‘There was a fox on the road, I nearly ran over the poor little fellow. Luckily I was inching along in the car because of the fog out. He just stepped out of the ditch in front of me, I’d say he thought he would have the road to himself in those early hours, he’s a fortunate little creature all right. Would you believe he just stood there in the headlights looking at me for a couple of minutes and I couldn’t take my eyes off of him. Aren’t they the most beautiful of beasts with their long noses and ears, the red fur and amber eyes ? And, he had these little white whiskers. Anyway off he went then, back about his foxy business I suppose’ There was a gentle laugh. ‘Would you close that door, I don’t want her to wake, she needs to sleep a while longer’.

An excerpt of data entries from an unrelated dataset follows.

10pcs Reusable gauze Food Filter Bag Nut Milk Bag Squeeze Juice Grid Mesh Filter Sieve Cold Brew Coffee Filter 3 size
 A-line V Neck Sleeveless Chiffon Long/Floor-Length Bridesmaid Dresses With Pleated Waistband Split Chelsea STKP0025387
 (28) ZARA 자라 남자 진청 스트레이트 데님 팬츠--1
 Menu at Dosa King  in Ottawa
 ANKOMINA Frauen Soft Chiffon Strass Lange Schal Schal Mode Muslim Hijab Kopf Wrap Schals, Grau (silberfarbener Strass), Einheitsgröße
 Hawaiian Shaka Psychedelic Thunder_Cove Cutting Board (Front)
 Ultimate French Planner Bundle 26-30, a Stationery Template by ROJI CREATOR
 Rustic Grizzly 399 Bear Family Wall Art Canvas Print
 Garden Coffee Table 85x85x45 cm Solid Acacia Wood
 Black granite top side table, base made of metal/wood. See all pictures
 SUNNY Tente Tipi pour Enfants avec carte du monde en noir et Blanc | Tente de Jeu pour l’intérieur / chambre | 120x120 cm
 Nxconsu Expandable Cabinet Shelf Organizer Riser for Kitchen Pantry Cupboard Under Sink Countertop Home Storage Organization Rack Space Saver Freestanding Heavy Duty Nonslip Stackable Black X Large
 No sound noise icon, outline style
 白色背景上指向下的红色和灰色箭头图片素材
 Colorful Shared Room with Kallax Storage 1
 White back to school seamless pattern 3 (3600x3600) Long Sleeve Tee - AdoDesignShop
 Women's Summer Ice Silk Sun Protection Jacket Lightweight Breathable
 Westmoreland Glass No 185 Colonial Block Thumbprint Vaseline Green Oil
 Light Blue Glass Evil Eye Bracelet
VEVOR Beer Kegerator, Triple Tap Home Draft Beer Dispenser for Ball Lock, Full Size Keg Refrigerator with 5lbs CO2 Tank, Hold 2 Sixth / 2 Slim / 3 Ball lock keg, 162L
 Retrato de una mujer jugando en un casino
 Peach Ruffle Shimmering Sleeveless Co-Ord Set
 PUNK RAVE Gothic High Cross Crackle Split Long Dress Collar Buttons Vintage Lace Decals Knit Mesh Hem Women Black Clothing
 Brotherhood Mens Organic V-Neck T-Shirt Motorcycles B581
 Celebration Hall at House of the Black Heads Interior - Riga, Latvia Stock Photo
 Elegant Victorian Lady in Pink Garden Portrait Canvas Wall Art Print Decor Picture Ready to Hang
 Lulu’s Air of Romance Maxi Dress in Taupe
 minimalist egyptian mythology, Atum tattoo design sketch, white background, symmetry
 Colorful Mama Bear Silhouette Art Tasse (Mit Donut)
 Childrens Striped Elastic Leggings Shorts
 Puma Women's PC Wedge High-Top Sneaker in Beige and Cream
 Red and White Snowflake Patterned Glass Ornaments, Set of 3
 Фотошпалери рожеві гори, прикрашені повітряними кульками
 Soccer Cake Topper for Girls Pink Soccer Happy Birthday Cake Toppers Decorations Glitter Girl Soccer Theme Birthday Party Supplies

The voice may have helped lower me into a deeper sleep. I must have been sick in the night and been carried into this big bed, in which I was very small. The room was fully dark and I was used to sleeping with a lamp on. Flannel sheets were above and below me and I had been well tucked in. Blankets, heavy on my body pressed me down into a deep slumber. When the door had been ajar I had been able to see the outline of my toes beneath the covers, they were a hill in my sick place landscape. Something was tickling my neck; it was the stray feather that I had earlier peeled off my sweat-salted cheek. Feather spines poking through the fabric case softy needled my scalp. My head felt heavy.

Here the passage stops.